After lo these many years of thawing turkeys, stuffing turkeys, and complaining about thawing and stuffing turkeys, I have come upon a foolproof  Thanksgiving meal. I get one of those turkeys that come already stuffed and that you can take out of the freezer and stick into your oven with just some minor preparations.  I stumbled upon this solution at the advice of a friend who I think may have been tired of me complaining about the thawing and stuffing of the bird that stars in a proper Thanksgiving meal. And to that end the search for the perfect turkey commences today.

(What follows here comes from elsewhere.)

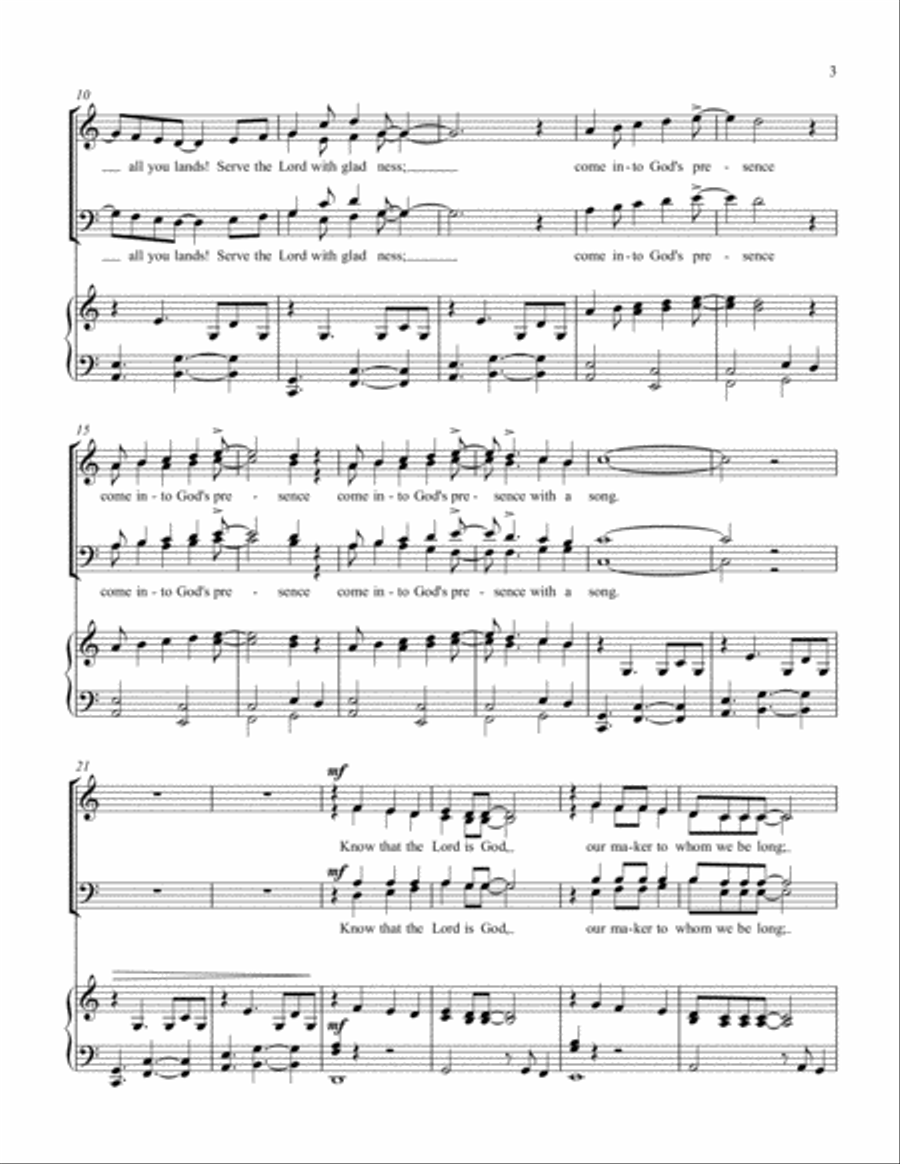 Psalm 100 (SATB) Psalm 100 (SATB) 4-Part scores gallery preview page 3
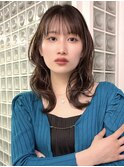 グレージュブラウン/ミディアムレイヤー/韓国巻き/顔周りカット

The search  entails buying one of these guys on sale. They are an arm and a leg if not on sale. As we speak, they are purported to be on sale at my local grocery store—so as soon as I get this post done, I shall be hightailing it out of here to get one that is affordable. Last time they were on sale (a couple of weeks ago) they had all been scooped up and only the regular turkeys were there biding their time in the frozen food bins.

I know that some people are suspicious of these already stuffed birds, but I cook mine until there is no mistaking that it is done—and truly the stuffing is delicious and there is a generous amount. And I do not have to thaw the dumb thing. In the past, I have taken turkeys out of my freezer and crowded my fridge for a full seven days and still the thing wasn’t completely thawed out.

Turkey Day is only a couple of weeks away, but I will not be satisfied until I have one nestled in my freezer among the corn and peas, and ready to be taken out just before I have to throw him in the oven (or place him ever so gently, let’s not get violent here.)

O happy day—this is me doing the Snoopy dance—Turkey Day is going to be easy peasy this year and every year hereafter.